The company wants to reduce wages by some 40 percent through combining job classifications, changing work rules and outsourcing maintenance. A shop steward at the Goodyear plant in Fayetteville, North Carolina, told Workers Vanguard, Cut and gut is what they want. They have fantasies of busting the union. Many of the plants are in areas where union jobs, or jobs of any kind, are scarce, and a strike victory will be a blow against the capitalists vicious union-busting.
The union is planning for a long strike, and, according to Todays Trucking online (6 October), the company has stockpiled its rubber products. Goodyear says it will supply its customers by using managers and overseas production.

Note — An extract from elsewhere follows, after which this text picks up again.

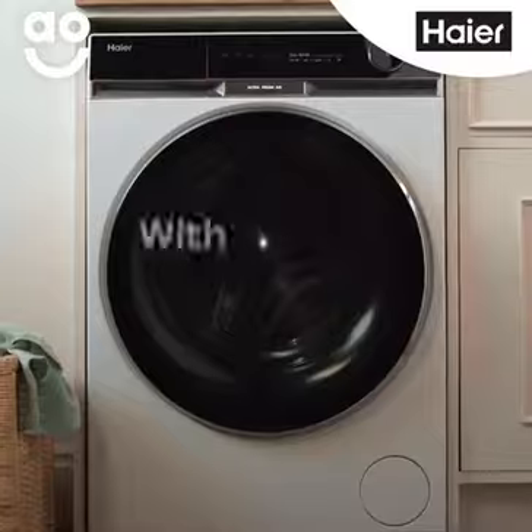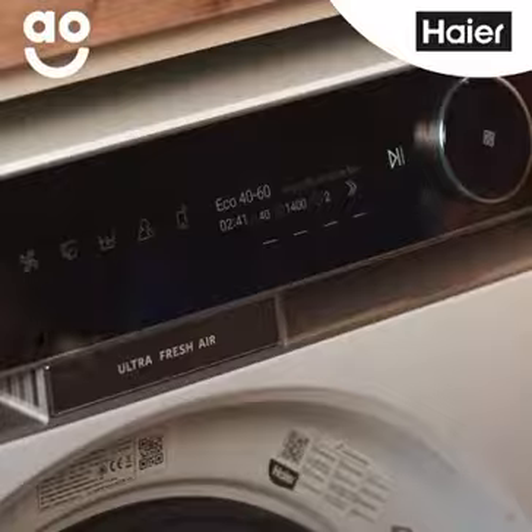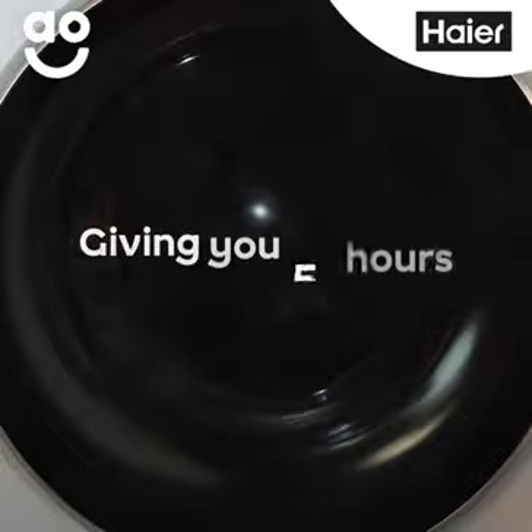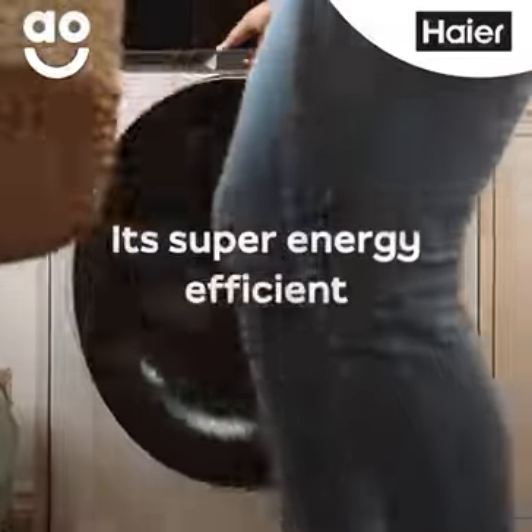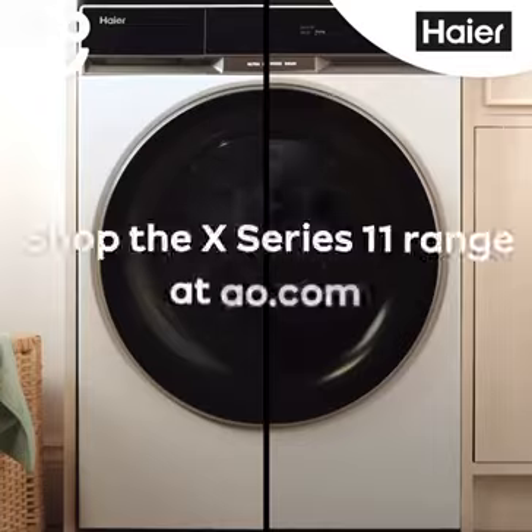Wave goodbye to left in the wash smells with the new Hiya X-Series 11 washing machine. It circulates air after every wash to keep clothes fresh, giving you 12 hours to unload. It's super energy efficient and it comes with a 10-year parts and labour warranty. Shop now at AO.com.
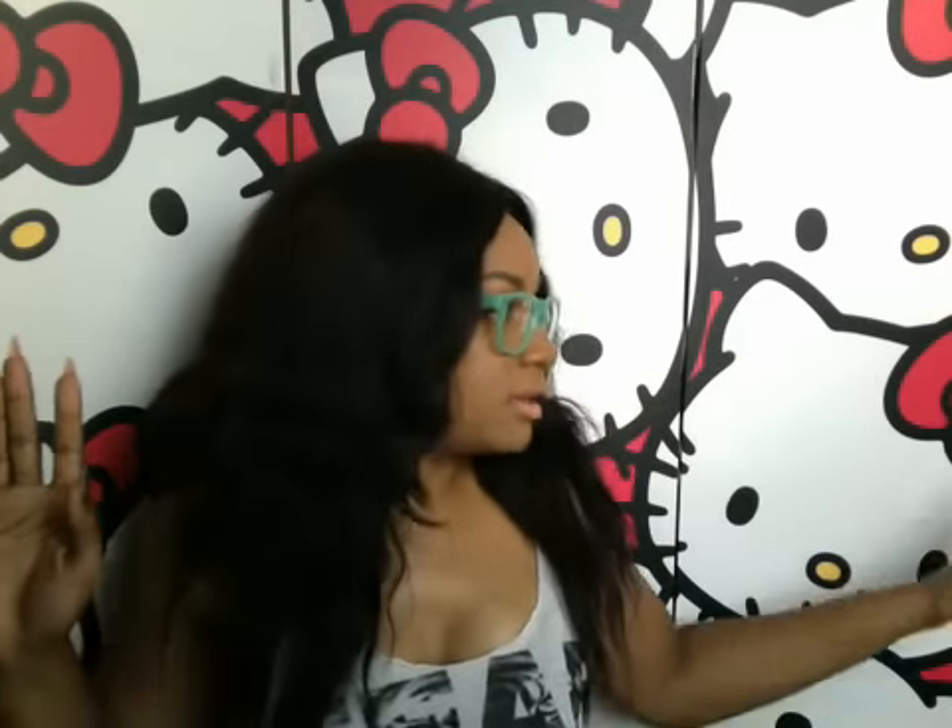What you see behind me is my new background, and this is the purchase from Wayfair. It is the Hello Kitty canvas screen room divider, and I got it on clearance for $59. I think it's still on clearance right now on Wayfair, so if you're interested, go and check it out. I absolutely love it — it's about six feet by five feet wide. It's a good piece for any avid Hello Kitty collector.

The strike by black, white and Latino Goodyear workers—who now include many women—must be supported by all labor. At Fayetteville, railroad workers are honoring picket lines set up on rail lines going into the plant. Militant picket lines to stop scabs, and the honoring of USW picket lines by unionized truckers and rail workers, can ensure that all production is stopped.
Defense of the unions that have a foothold in the region is an important part of the fight to organize the open shop South, where union-busting and anti-black terror have always gone hand in hand. Goodyear operates two non-union plants, one in Oklahoma and one in Ontario. A solid strike to beat back the company could provide an impetus to organize all the non-union plants in the tire and rubber industry.

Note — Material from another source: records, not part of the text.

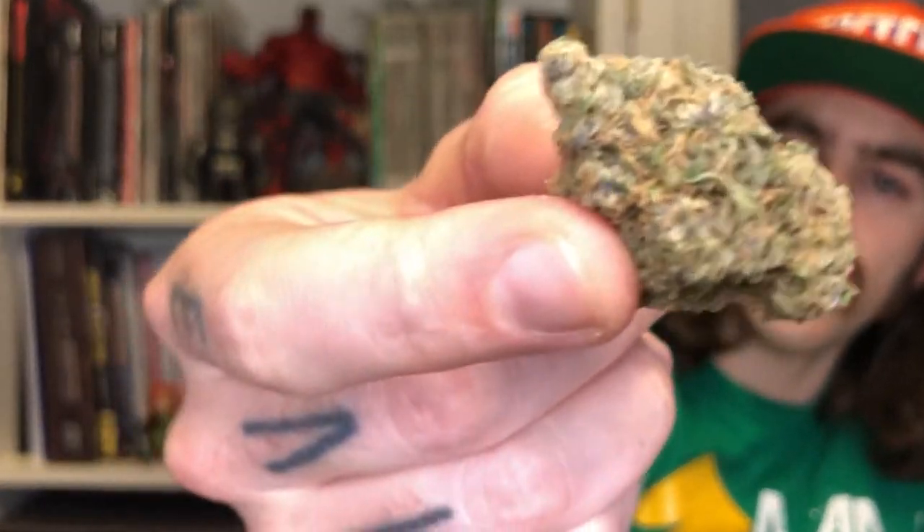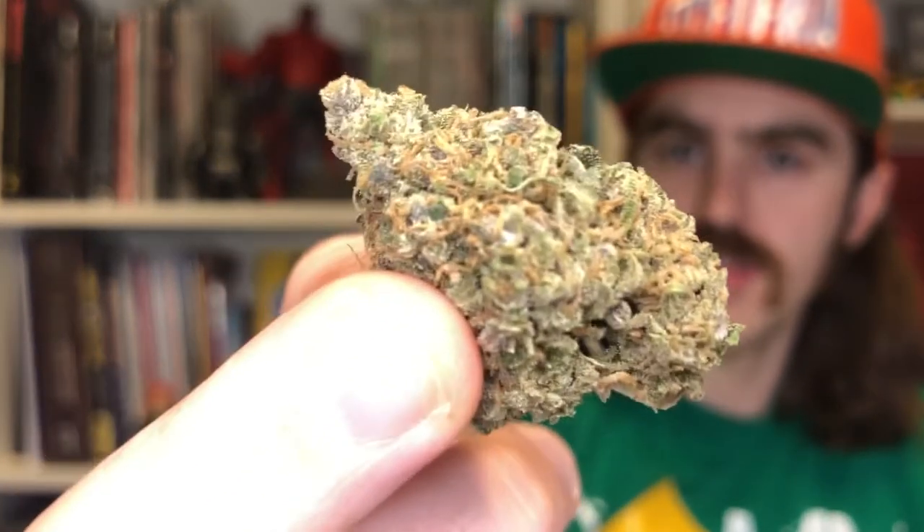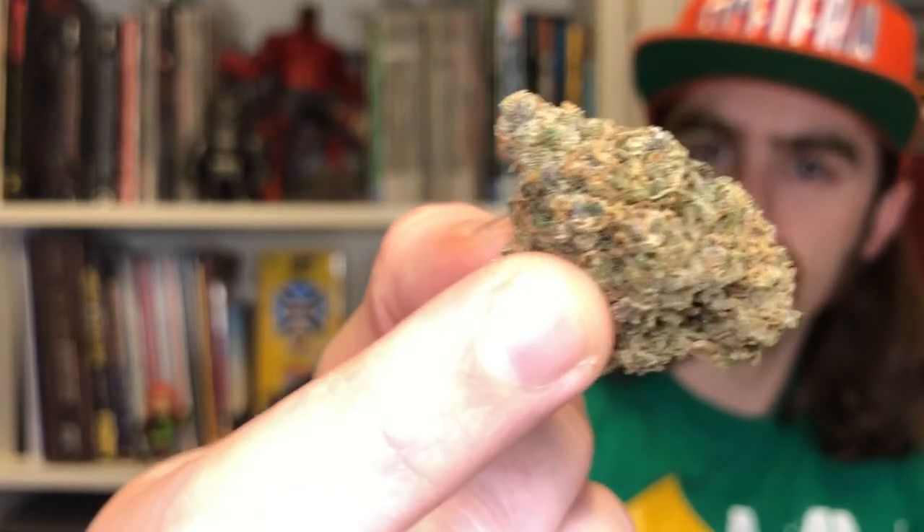Color — the buds themselves don't look special, but they look great. It's not like a memorable crazy purple bud or something with pink hairs. It's your basic looking, really nice, lush green cannabis with orange hairs and a decent amount of trichomes.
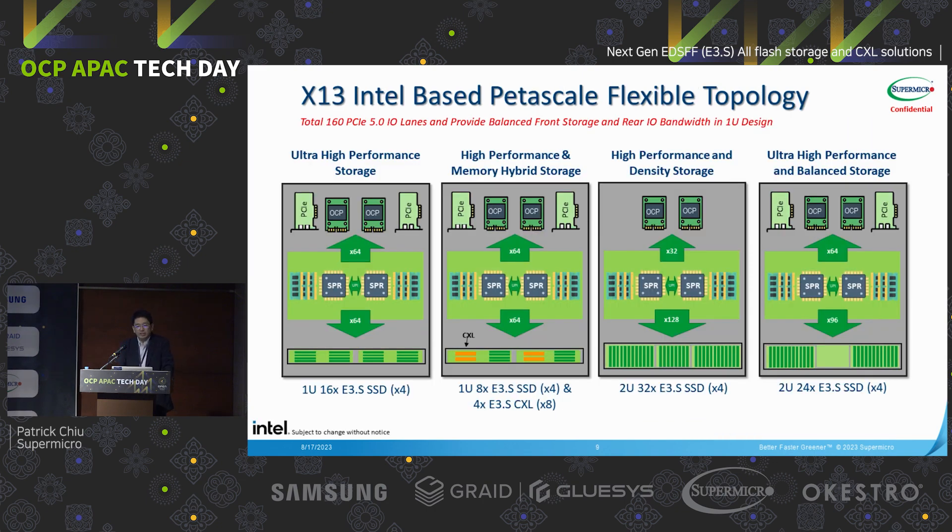Let's take a look at the Supermicro next generation Intel-based X13 topologies. We have the unified architecture. On the left-hand side, the 1U design topology supports 1U 16 E3 SSDs, with two OCP 3.0 NICs plus two PCIe Gen5 x16 slots on the rear side for networking or other extensions. In the second configuration, the orange icon represents CXL — we leverage the same architecture but change the backplane, so this system is able to support full CXL plus 8 E3 SSDs, while the rear side still has the same network extensions.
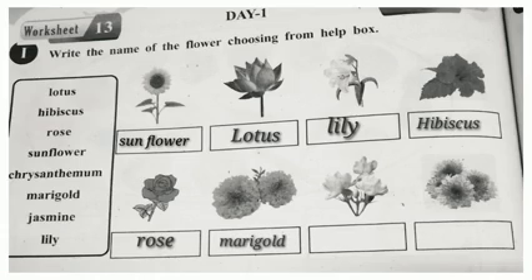Next one, Marigold. Next, Jasmine. Next, Chrysanthemum.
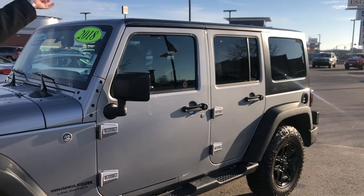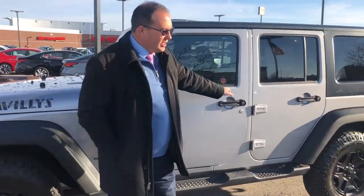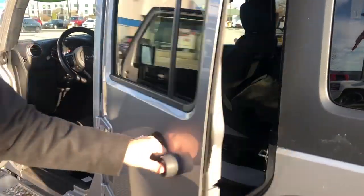And speaking of which, we have this beautiful Jeep Wrangler Willys Unlimited — lots of tags on this one folks — 50,000 miles. Joseph, show them the inside: remote start, four-wheel drive, everything you need to go over hill and dale this holiday season.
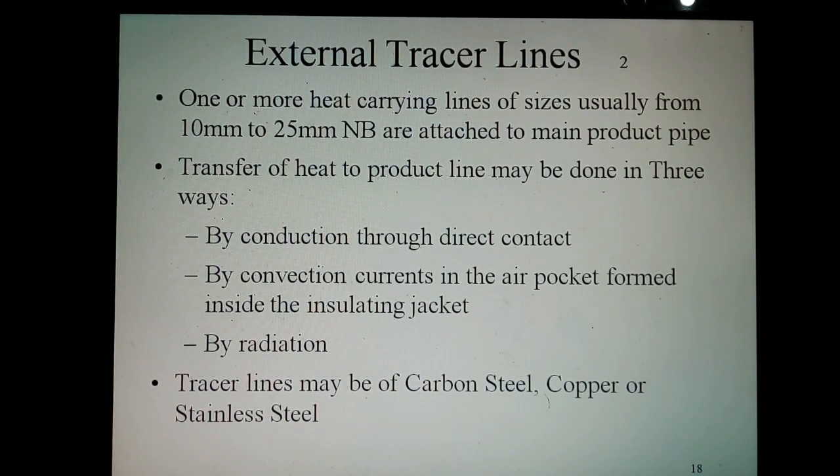Many large users and contractors have their own in-house rules for tracer lines, but the following guidelines may be useful in other cases. External tracer lines: one or more heat-carrying lines of sizes ranging from 10 mm (3/8 inch) up to 25 mm (1 inch) nominal bore are attached to the main product pipe. Heat transfer to the product line may be done in three ways: by conduction through direct contact, by convection currents in the inner pockets formed inside the overlying jacket, and by radiation. The tracer lines may be of carbon steel or copper, or sometimes stainless steel.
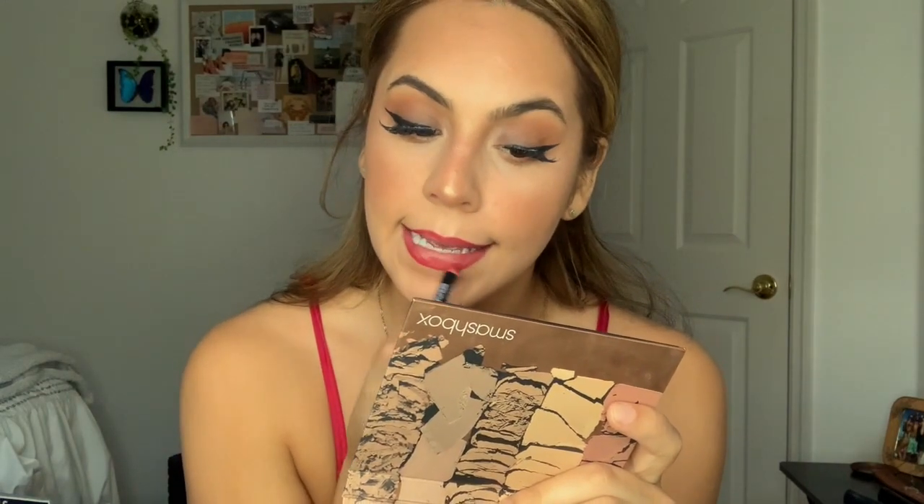I'm lining my lips with red. This is Color Pop — wow, I didn't realize it's worn down — it's in the shade 'Creamer.' Take a look.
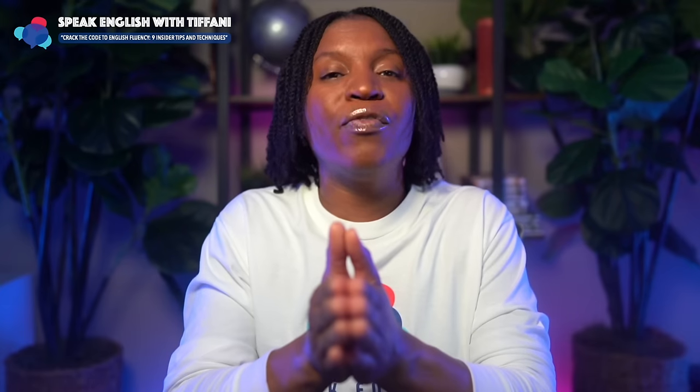These nine tips will crack the code for you moving forward to English fluency. I hope you enjoyed today's lesson. I can't wait to talk to you next time — I'll see you then.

The union says that Goodyear, the worlds third-largest tire manufacturer, wants to close the U.S. plants in order to build more plants overseas. Goodyear has more than 100 plants in 29 countries, pointing to the need for international labor solidarity. Goodyear has been attacking its workers and their unions from Colombia and Guatemala to Britain and Turkey, while fighting unionization drives in Thailand and Malaysia.
In 1999, under the aegis of the International Federation of Chemical, Energy, Mine and General Workers Unions (ICEM), trade-union representatives from 16 countries met in Cleveland to form a network for Goodyear workers from around the world. The ICEM, which includes the USW, has called for elementary measures of international solidarity with the Goodyear strikers, including for trade unions in the rubber industry—particularly at Goodyear plants in Central and South America—to monitor their inventories and production to ensure that they are not undermining the USWs strike action. Rubber workers internationally must fight against any attempts by Goodyear to break the USW strike by ramping up production, and all longshoremen must refuse to handle any cargo meant to undermine the strike.
This year the USW campaigned in defense of the Mexican mine and steel workers union, which faced down union-busting in Lázaro Cárdenas, Mexico, winning a militant four-month strike with a plant occupation and pitched battles against the police. But the USW bureaucrats for decades have been at the forefront of the U.S. labor bureaucracys protectionist campaigns, forming a Stand Up for Steel alliance with the steel bosses to call for measures against imports. Protectionism in defense of American bosses against foreign competition pits American workers against their class brothers and sisters abroad. It is poisonous to the international working-class unity that is needed to advance the struggle against the bosses in each country, including the U.S. A particular target of the USW tops protectionism is the Chinese deformed workers state. At the 1999 anti-globalization protests in Seattle, the Steelworkers tops grotesquely dumped mock Chinese steel into Puget Sound. Anti-Communist China-bashing only serves the counterrevolutionary interests of the U.S. imperialist rulers, who want to turn China into a giant sweatshop.
The United Rubber Workers, which merged with the USW in 1995, was a key component of the Congress of Industrial Organizations and waged some of the most hard-bitten strikes in the 1930s. Today, labor solidarity, and more than ever international class solidarity, is key to rebuilding industrial unions in the U.S. and reversing the bosses massacre of workers rights and living standards. Victory to the Goodyear strike!